<<<<
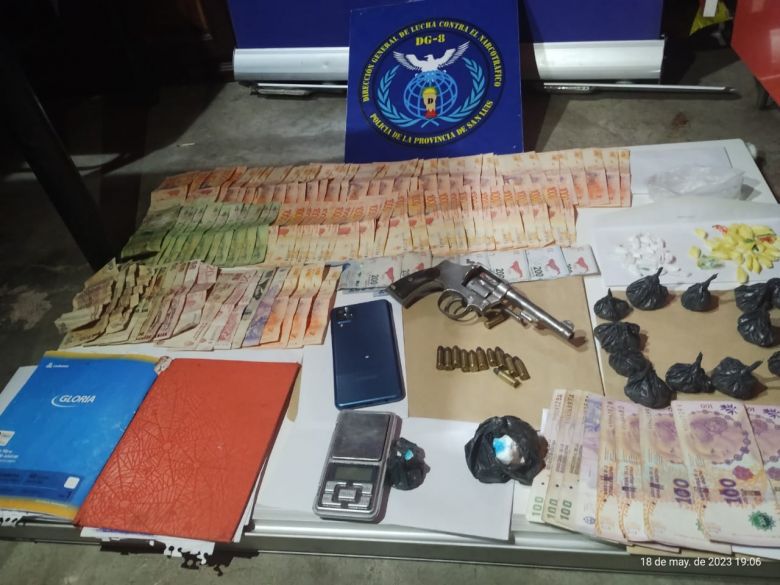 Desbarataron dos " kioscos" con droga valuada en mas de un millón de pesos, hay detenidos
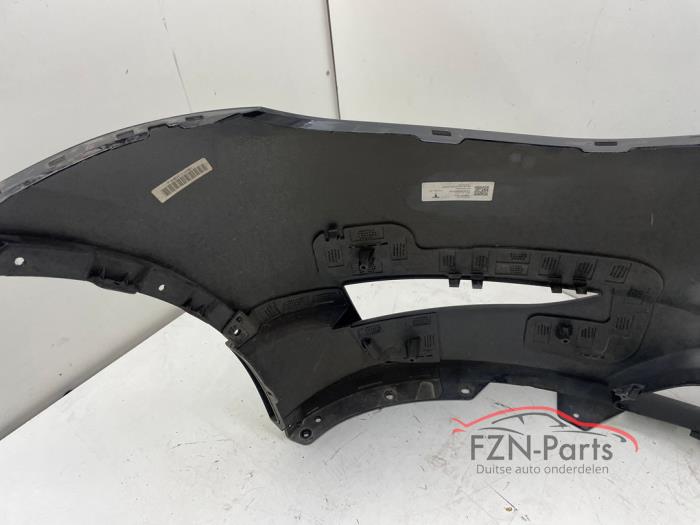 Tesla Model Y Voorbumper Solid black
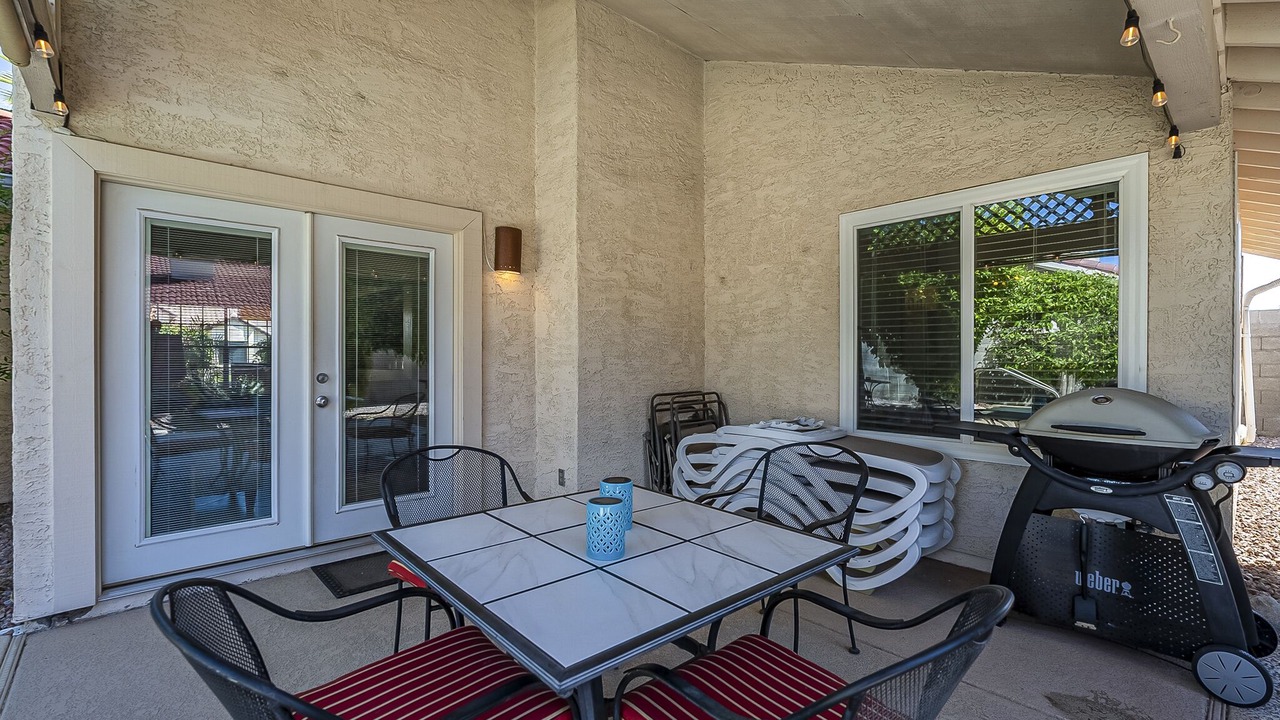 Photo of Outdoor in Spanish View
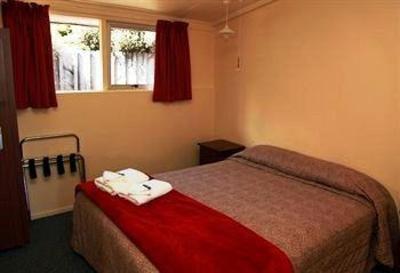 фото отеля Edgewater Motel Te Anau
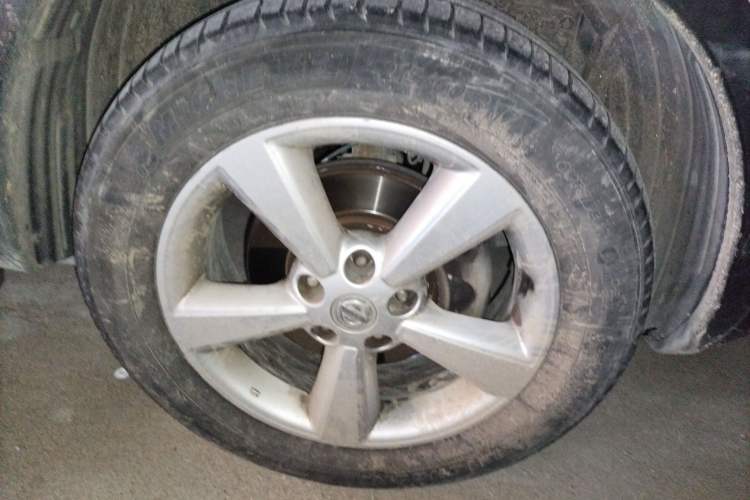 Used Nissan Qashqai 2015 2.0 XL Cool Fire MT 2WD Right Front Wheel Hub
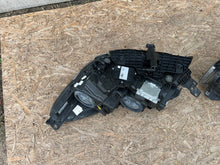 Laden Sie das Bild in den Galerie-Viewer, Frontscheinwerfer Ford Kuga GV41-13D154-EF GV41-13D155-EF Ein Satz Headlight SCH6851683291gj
>>>>
**WHAT IS NEEDED:**
The final stretch of the data, from the line with "Tesla Model Y Voorbumper Solid black" through its last line, is to be retyped exactly; pictures are not part of the copy.

**OUTPUT:**
 Tesla Model Y Voorbumper Solid black
 Photo of Outdoor in Spanish View
 фото отеля Edgewater Motel Te Anau
 Used Nissan Qashqai 2015 2.0 XL Cool Fire MT 2WD Right Front Wheel Hub
 Laden Sie das Bild in den Galerie-Viewer, Frontscheinwerfer Ford Kuga GV41-13D154-EF GV41-13D155-EF Ein Satz Headlight SCH6851683291gj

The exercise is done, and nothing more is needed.